Heute in den Feuilletons

Heute in den Feuilletons

Die kommentierte Kulturpresseschau. Wochentags um 9 Uhr, sonnabends um 10 Uhr.
11.08.2004. In der Welt erzählt Peter Stein, wie er im Alter von 13 Jahren dem mittlerweile 2500-jährigen Sophokles begegnete. In der taz wendet sich ein Schüler gegen das Methusalem-Komplott der Neuschreiblegastheniker. Die FR meditiert über die Höfische Republik Frankreich. In der SZ wendet sich Robert Menasse gegen den rassistischen, sexistischen, neoliberalen (und so weiter) Charakter der neuen Rechtschreibung.

Welt, 11.08.2004

In der Welt werden wir Zeuge eines Aufsehen erregenden Zusammentreffens:

"Sophokles begegnete mir zum ersten Mal, als ich mit 13 Jahren in der Schule seinen 'Philoktet' zu übersetzen hatte", schreibt ein gewisser Peter Stein zum 2500. Geburtstag des Dichters. Und weiter, etwas kryptisch: "Denjenigen von uns, die sich verzweifelt dagegen wehren, der Mehrheit der 'Ganz Heutigen' Recht geben zu müssen, dass das Erbe von Aufklärung und Humanismus hoffnungslos veraltet und verloren sei - ihnen hat Sophokles eine Menge zu sagen."

TAZ, 11.08.2004

Die taz ist heute gut in Form!

Für die Meinungsseite schickt Matthias Greffrath eine lesenswerte Reportage aus dem Kosovo, besucht die Zeitung Java, deren Kunstbeilage arta von der Bundeskulturstiftung unterstützt wird, und zitiert den außenpolitischen Koordinator der Region, Enver Hasani: "Niemand will ein souveränes Kosovo, es würde nicht funktionieren. Es geht auch nicht um Nationalismus, diese Tünche wird immer dünner, es geht um Rückständigkeit. Wir brauchen eine Große Konferenz, die eine Gesamtlösung auf dem Balkan beschließt, und Kosovo muss zum Condominium werden, für lange Zeit, mit einer stabilen Verwaltung durch fünf, sechs Länder, die einen Aufbau von unten in Gang setzen. Die Bevölkerung würde jeden Status akzeptieren, wenn die Verwaltung, die Schulen, die Universitäten funktionieren, wenn es Wasser gibt und Strom - da ist ein Zusammenhang von Demokratie und Elektrizität."

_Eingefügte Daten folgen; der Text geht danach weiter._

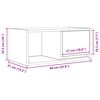 Product Thumbnail Image 14 of 14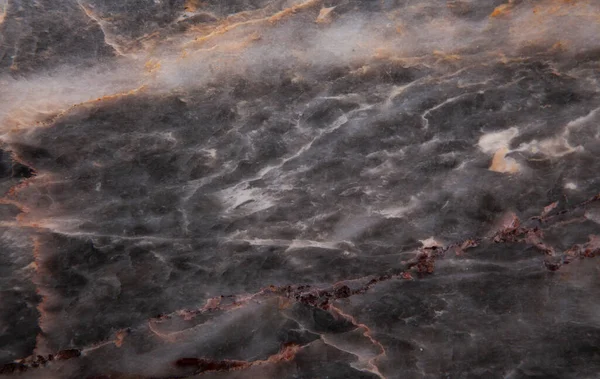 自然大理石の背景のイメージ — ストック写真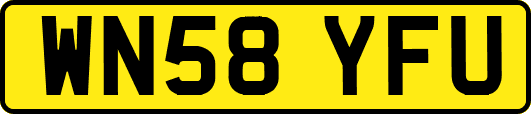 WN58YFU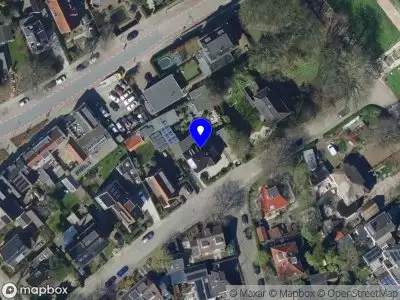 StolkICT Barendrecht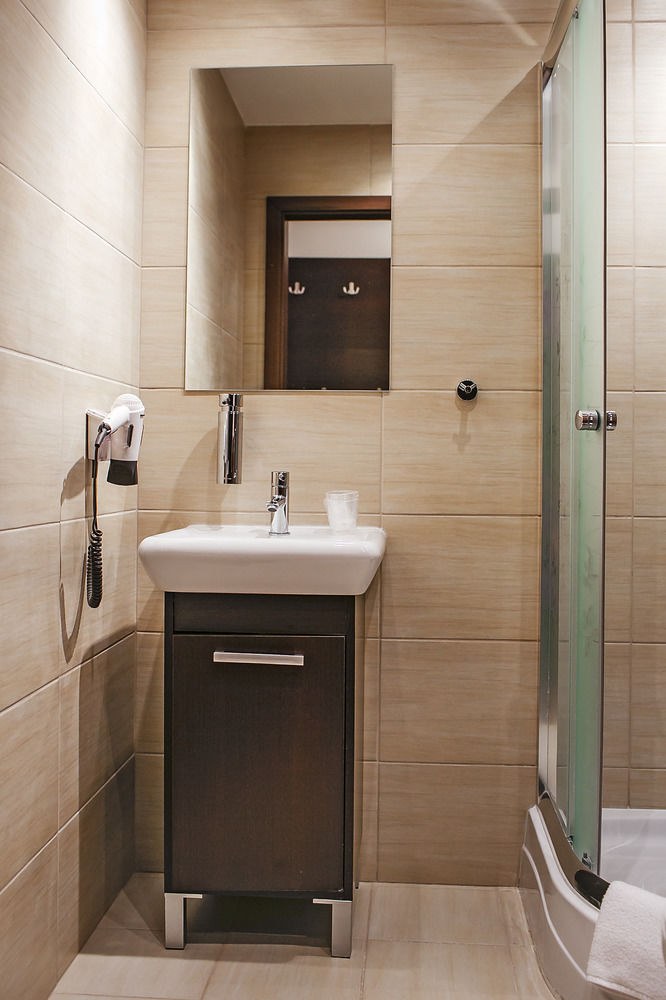 BOUTIQUE HOTEL'S III photo 1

Auf der Bildungsseite protestiert der Schüler Florian Hollenbach gegen das Methusalem-Komplott der Rechtschreiber: "Thomas Steinfeld etwa schreibt in der Süddeutschen: 'Die jüngeren aber werden umlernen müssen. Das kann aber nicht so schwierig sein, wie es klingt.' Daraus lässt sich nur folgern, dass Steinfelds Mitrevoluzzer offenbar nicht schlau genug sind, Neuschreib zu lernen. Schließlich behaupten sie, es wäre für sie partout nicht möglich, die neuen Regeln zu lernen. Die Erwachsenen können ruhig weiterhin ihre Schreibweise benutzen. Jeder soll schließlich seinen persönlichen Stil pflegen. Die Schüler jedoch sind diejenigen, die noch Diktate und Klausuren schreiben - und für ihre Fehler bestraft werden."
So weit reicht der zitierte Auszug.